Yes, it is possible, though not in every situation. Social Security disability benefits are reduced by workers compensation benefits through a very complicated formula. The formula is based upon a calculation of your weekly workers compensation payment rate (minus certain excludable expenses, such as workers compensation attorney fees) and your “average current earnings” (a figure calculated by Social Security based on your Social Security-covered earnings history). An experienced Social Security disability attorney will know how to calculate the offset and advise you as to whether you are eligible to receive both Social Security disability and workers compensation benefits.

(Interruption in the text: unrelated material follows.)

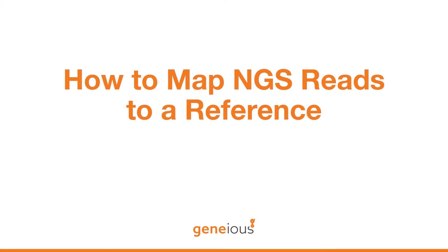In this video, we will show you how to map NGS data against a reference sequence using the Map to Reference tool in Genius.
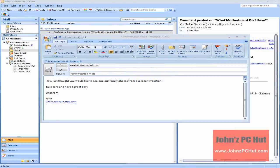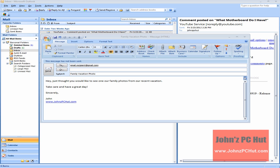Hey, it's John of John's PC Hut and today I'm going to show you how to send an email with an attachment or an attached file using Microsoft Outlook. Of course, the first thing you want to do is open up Microsoft Outlook, and we've got Microsoft Outlook open up in front of us.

- I have many health problems, but none of them by itself is enough to make me disabled. Instead, it’s the combined effect of all of my health problems that causes me to be disabled. Can I still qualify for Social Security disability benefits?
Yes, you absolutely can. Social Security law requires that Social Security consider the combined effects of all of your health problems to determine how limited you are in your ability to work.
- I’m a disabled veteran, and I already receive disability benefits from the VA. Is it possible to draw both Social Security and Veterans disability benefits?
Yes, you absolutely can. If you receive service-connected VA disability compensation benefits, then you can still be eligible to receive Social Security disability benefits. In fact, the VA’s decision that you are disabled actually helps with your Social Security disability claim!